日本の建設現場では生産性の向上対策が遅れているため、国土交通省はICT技術を応用した「i-Construction(アイ・コンストラクション)」いう生産性革命プロジェクトを、2016年より推進しています。このi-Constructionが成功すれば、コンクリート工の分野で生産性が向上し、再び建設業が活性化すると見込まれています。

ここでは、i-Constructionがどういうものなのか、導入することでどのようなメリットがあるのかをご紹介します。

 i-Constructionの概要  

i-Constructionは、2016年9月に首相官邸で行われた「第1回未来投資会議」の場で、第4次産業革命による建設現場の生産性向上のための方針として誕生しました。第4次産業革命とは、モノのインターネットと呼ばれる「IoT(Internet of Things)」や経済活動などをデータ化した「ビッグデータ」のほか、「AI(人工知能)」を用いた技術革新を指します。

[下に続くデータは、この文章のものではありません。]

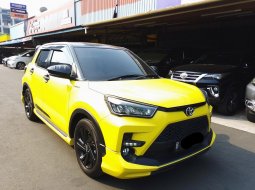 TOYOTA RAIZE GR SPORT AT KUNING 2022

i-Constructionには「ICT(Information and Communication Technology)」、つまり情報通信技術を用いて建設現場における調査・測量、設計、施工・検査といった工程の生産性を向上させる狙いがあります。具体的には、公共工事の現場で測量にドローンを使い、施工、検査といった建設プロセス全体を3次元データでつなぐことなどによって生産性を向上させ、2025年までに建設現場の生産性を20%向上させることを目標としています。

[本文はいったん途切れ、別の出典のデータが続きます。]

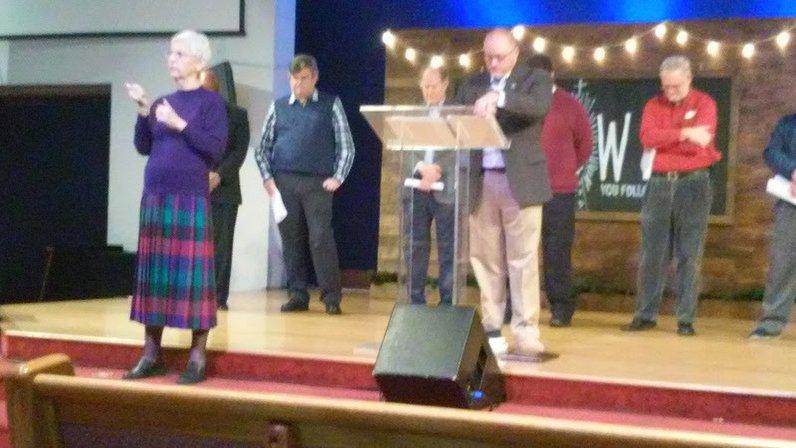 Fairfax Church of Christ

また、このような取り組みを通じて、建設現場の「きつい」「きたない」「危険」といった、いわゆる3Kのイメージが払拭され、人手不足が解消されることも期待されています。

i-Constructionが推進される背景

日本でi-Constructionが推進される背景にあるのは、建設業界の「労働生産性の低さ」や「就業者の減少」です。続いては、建設業界における労働生産性が低い理由と、就業者が減少する理由を解説します。

建築業界における労働生産性が低い理由

建設業界の労働生産性の低さは、ほかの業種と比べてどのくらいの違いがあるのでしょうか。

例えば、労働生産性を示す指標のひとつである、労働者がどのくらい付加価値の高い仕事をしているかを表す「付加価値労働生産性」を見てみると、製造業では1999年から2018年までに1.5倍近く上昇しているのに対し、建設業ではほぼ横ばいです。

では、なぜ建設業界で労働生産性が向上しないのでしょうか。実は、建設業界すべての労働生産性が向上していないわけではありません。トンネル工事などは、「矢板工法」から「NATM工法」に変わることで、労働生産性が約10倍となっています。ところが、土木やコンクリート工の現場ではほぼ横ばいです。これは、土木やコンクリート工の現場での技術革新が遅れているため、いまだに人手を要する作業が多いことが原因と考えられます。これらの現場で技術革新が行われれば、労働生産性が向上する可能性があるということです。

出典:「建設業ハンドブック2020」(日本建築業連合会)

建設業界の就業者が減少する理由

就業者数自体は建設業界のみならず、さまざまな業界で減少してきています。実際、日本の就業者数を見てみると、2020年の3月に6,700万人だった就業者数が、2021年3月には51万人も減って6,649万人となっているのです。中でも、著しく減少しているのが建設業で、2020年の3月に512万人だった就業者数が、2021年3月には13万人減少し、499万人となっています。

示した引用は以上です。